Word for word, restate the entries that follow.

(Records from a collection)
□ □ □ □ □

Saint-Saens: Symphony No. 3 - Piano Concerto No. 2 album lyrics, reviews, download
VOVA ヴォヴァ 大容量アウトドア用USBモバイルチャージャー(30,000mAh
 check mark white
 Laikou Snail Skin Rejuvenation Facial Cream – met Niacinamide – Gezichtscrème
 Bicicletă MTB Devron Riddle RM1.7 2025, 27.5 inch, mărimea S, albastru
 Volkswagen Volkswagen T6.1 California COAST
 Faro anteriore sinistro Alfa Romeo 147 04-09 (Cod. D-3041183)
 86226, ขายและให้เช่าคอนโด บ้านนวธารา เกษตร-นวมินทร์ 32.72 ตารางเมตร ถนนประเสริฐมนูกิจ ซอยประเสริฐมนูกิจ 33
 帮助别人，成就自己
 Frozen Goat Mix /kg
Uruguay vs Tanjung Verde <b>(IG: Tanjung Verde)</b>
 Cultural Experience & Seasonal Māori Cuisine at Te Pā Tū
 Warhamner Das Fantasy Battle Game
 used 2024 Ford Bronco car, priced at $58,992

□ □ □ □ □

Answer to this exercise —
Saint-Saens: Symphony No. 3 - Piano Concerto No. 2 album lyrics, reviews, download
VOVA ヴォヴァ 大容量アウトドア用USBモバイルチャージャー(30,000mAh
 check mark white
 Laikou Snail Skin Rejuvenation Facial Cream – met Niacinamide – Gezichtscrème
 Bicicletă MTB Devron Riddle RM1.7 2025, 27.5 inch, mărimea S, albastru
 Volkswagen Volkswagen T6.1 California COAST
 Faro anteriore sinistro Alfa Romeo 147 04-09 (Cod. D-3041183)
 86226, ขายและให้เช่าคอนโด บ้านนวธารา เกษตร-นวมินทร์ 32.72 ตารางเมตร ถนนประเสริฐมนูกิจ ซอยประเสริฐมนูกิจ 33
 帮助别人，成就自己
 Frozen Goat Mix /kg
Uruguay vs Tanjung Verde <b>(IG: Tanjung Verde)</b>
 Cultural Experience & Seasonal Māori Cuisine at Te Pā Tū
 Warhamner Das Fantasy Battle Game
 used 2024 Ford Bronco car, priced at $58,992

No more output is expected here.